SoFunction
Updated on 2024-11-17

How to solve the CPU memory overflow problem during pytorch training process

CPU memory overflow problem during pytorch training process

Expecting the results of the night, I got up in the morning to find that the CPU memory overflow caused the program to run down, today depressed day.

Upon inquiry, the common causes of memory overflow are:

  • Loss summation without item()
  • num_workers is too large
  • Extensive use of list to tensor

investigation process

I've searched for a lot of reasons, and I feel like the above is closer, but after changing it a bunch of times, the RAM still rubs off on me.

Later calls to thememory_profilerThis bag, found

The above part of my program added more than 70m per round, probably due to this loop (Also troubleshooting a lot of programs are off the table.).

Then I changed the loop to something like the following

Looking at the MEMORY usage for each set of data reveals something amazing:

The first set of data didn't take up much memory, and then the memory started to skyrocket when the same data was called repeatedly, and I still don't understand why this happened.

cure

Later calls to the

from einops import rearrange

Modified the array dimensions a bit and sent it together into the network

That settles it.

pytorch memory overflow, Ubuntu process killed problem

One reason why pytorch video memory is increasing

optimizer.zero_grad()
()
()
train_loss += loss

Referring to other people's code, I found that the loss sentence is usually written like this

loss_sum += [0]

This is because the data type of the output loss is Variable. and PyTorch's dynamic graph mechanism constructs graphs from Variable.

Primarily, when calculating with Variable, the symbols of the newly generated Variable's operations are recorded and used when backpropagating the derivation.

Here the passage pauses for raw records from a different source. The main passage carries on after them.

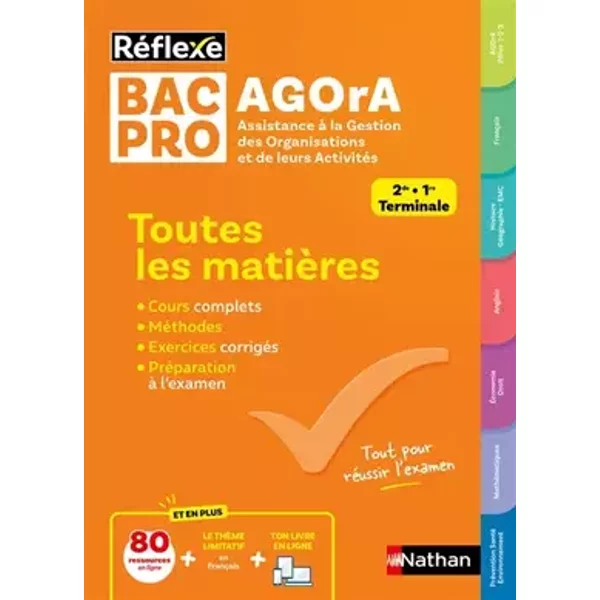 Bac Pro AGOrA - Toutes les matières Lycée - 2de, 1re, Term - Réflexe - 2026-2027 - Pascal Besson, Louise Cauchard, Isabelle Delaunay, Christophe Desaintghislain, Emilie Lina, Marie-Line Périllat-Mercerot, Nathalie Sebban, Marie-Cécile Sénéchal, Annie Zwang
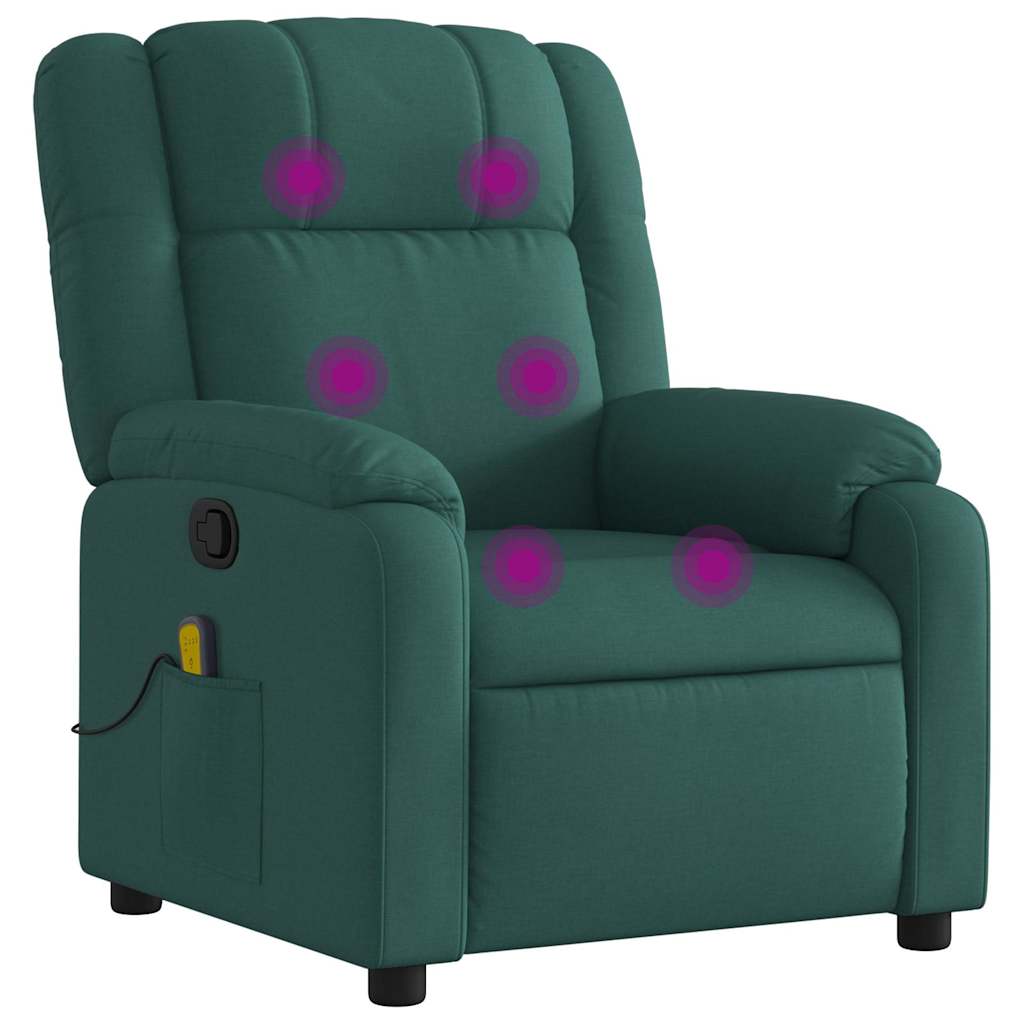 Massage Recliner Chair Dark Green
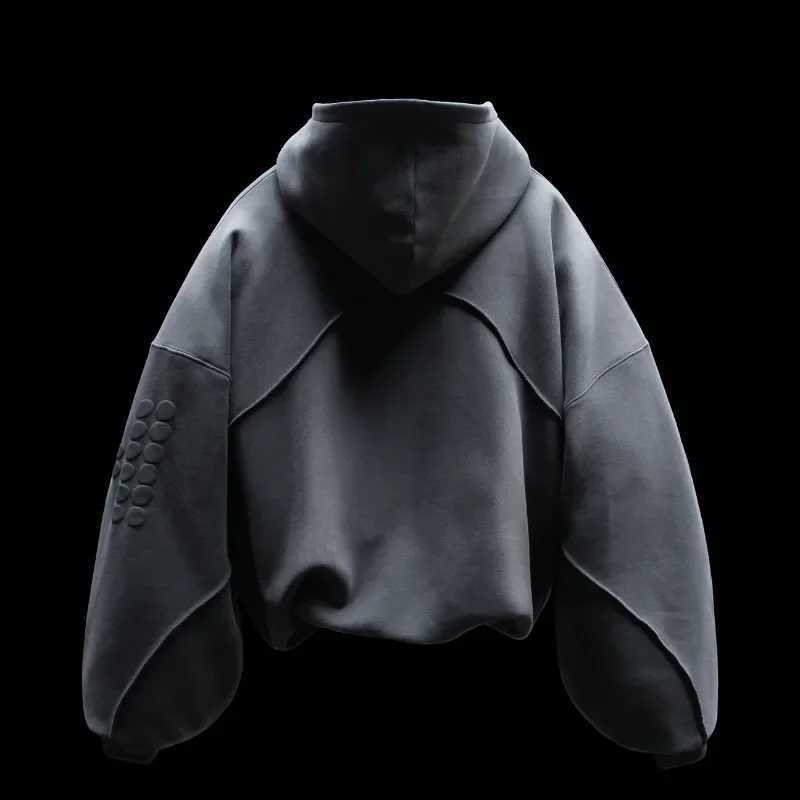 Harajuku Baggy Hoodie Y2K Letter Pattern Printed Splicing Design Sweatshirt Gothic Vintage Men Women Oversized Casual Pullover W250117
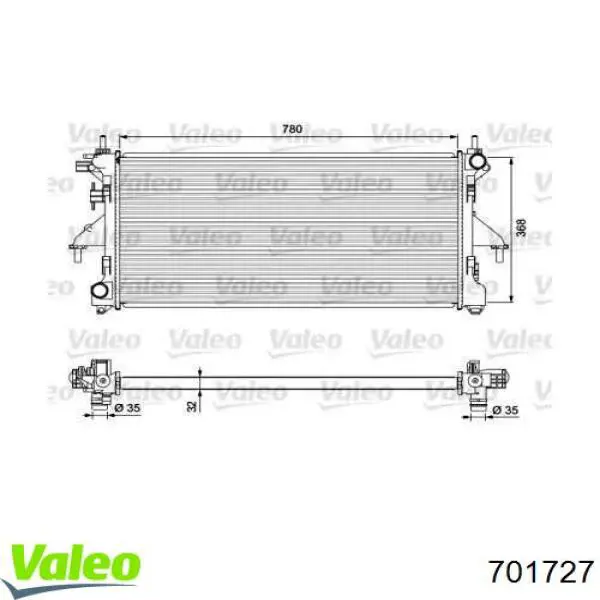 Радиатор 701727 VALEO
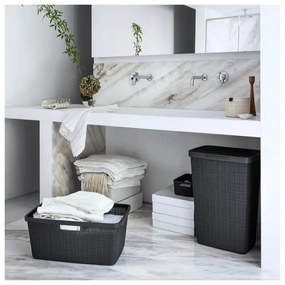 Cesto portabiancheria grigio , 46 l Jute - Curver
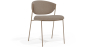 Buy Dining chair - Upholstered in Bouclé Fabric - Vara Taupe 61150 in the United Kingdom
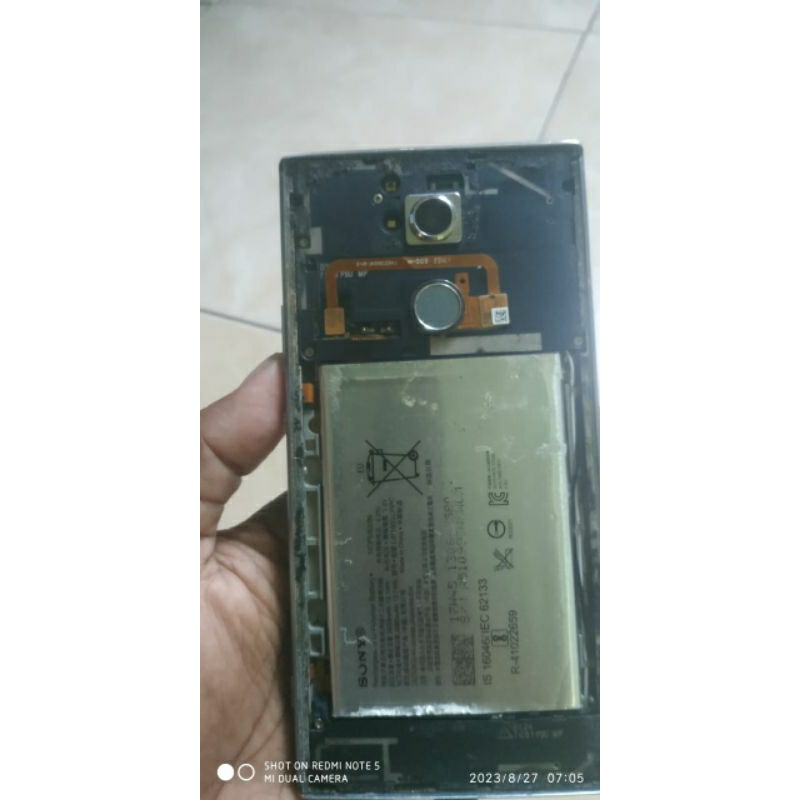 Sony Xperia Xa2 ultra minusan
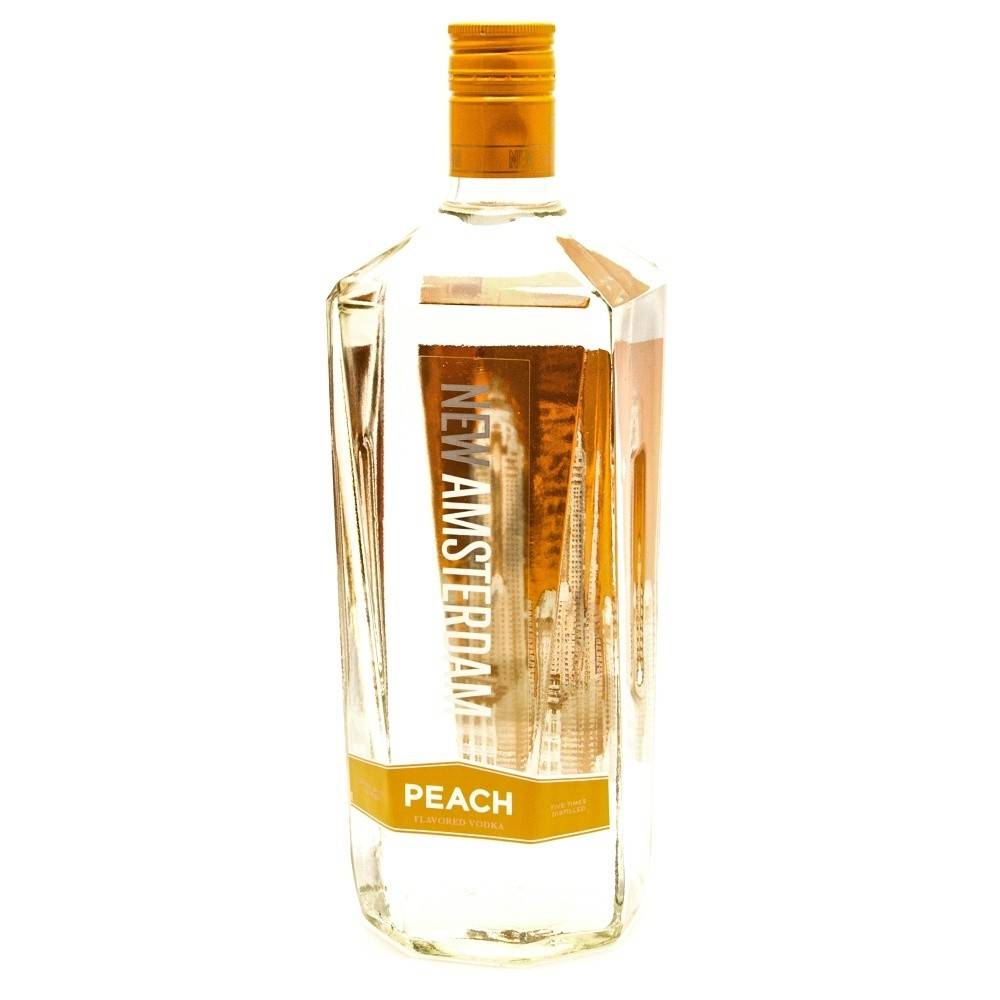 New Amsterdam Vodka Peach Proof: 70  375 mL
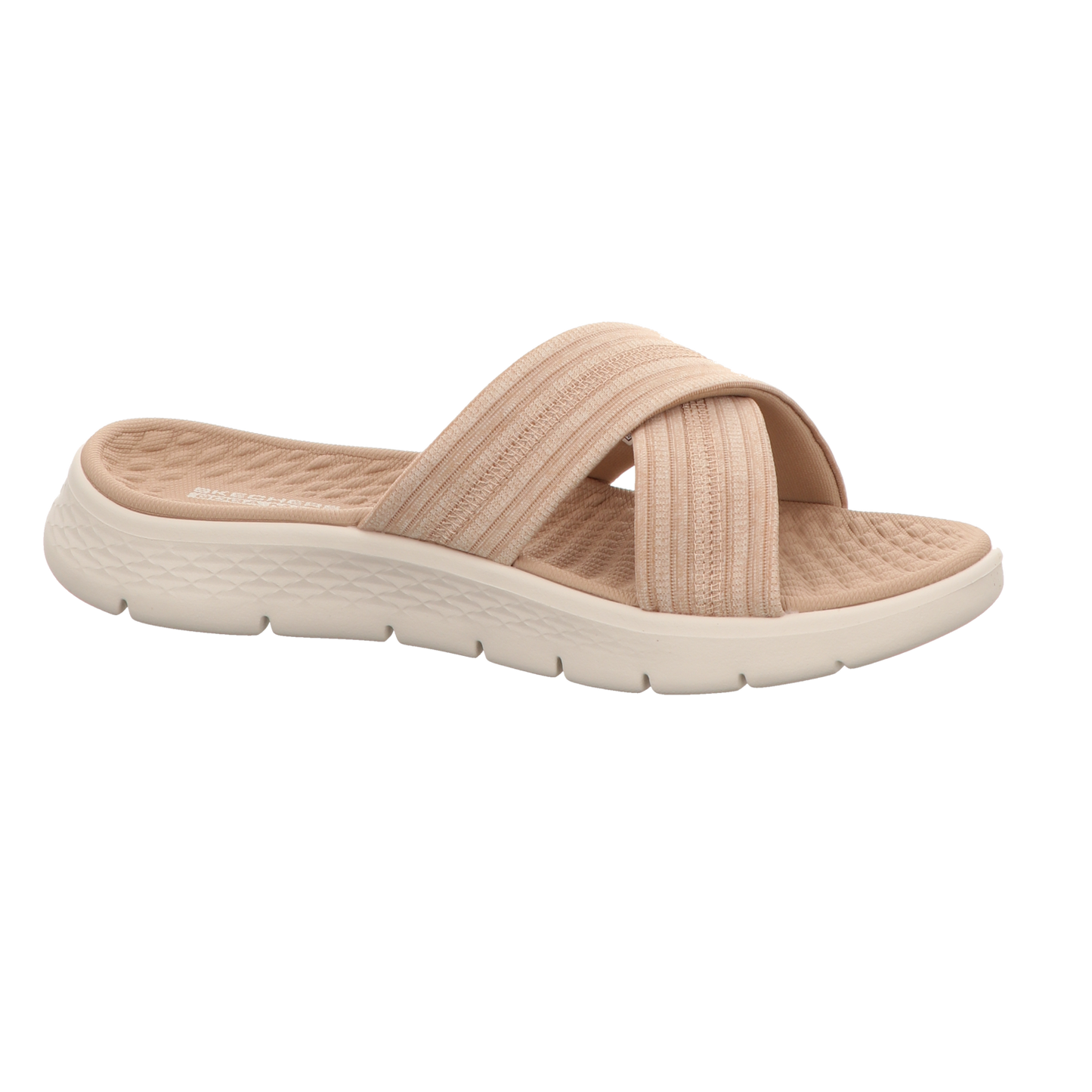 Skechers Damen Pantolette Go Walk Flex Sandal-Impressed in grau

If you directly add up the losses here, the system will think that this is also part of the calculation graph, which means that the network will keep stretching bigger and bigger then consuming more and more video memory.

Calculations with Tensor are to be written as:

train_loss += ()
correct_total += (predict, label_batch).sum().item()
train_loss += ()

When variables in the model need to be extracted to participate in calculations, ** .item()** is used

summarize

The above is a personal experience, I hope it can give you a reference, and I hope you can support me more.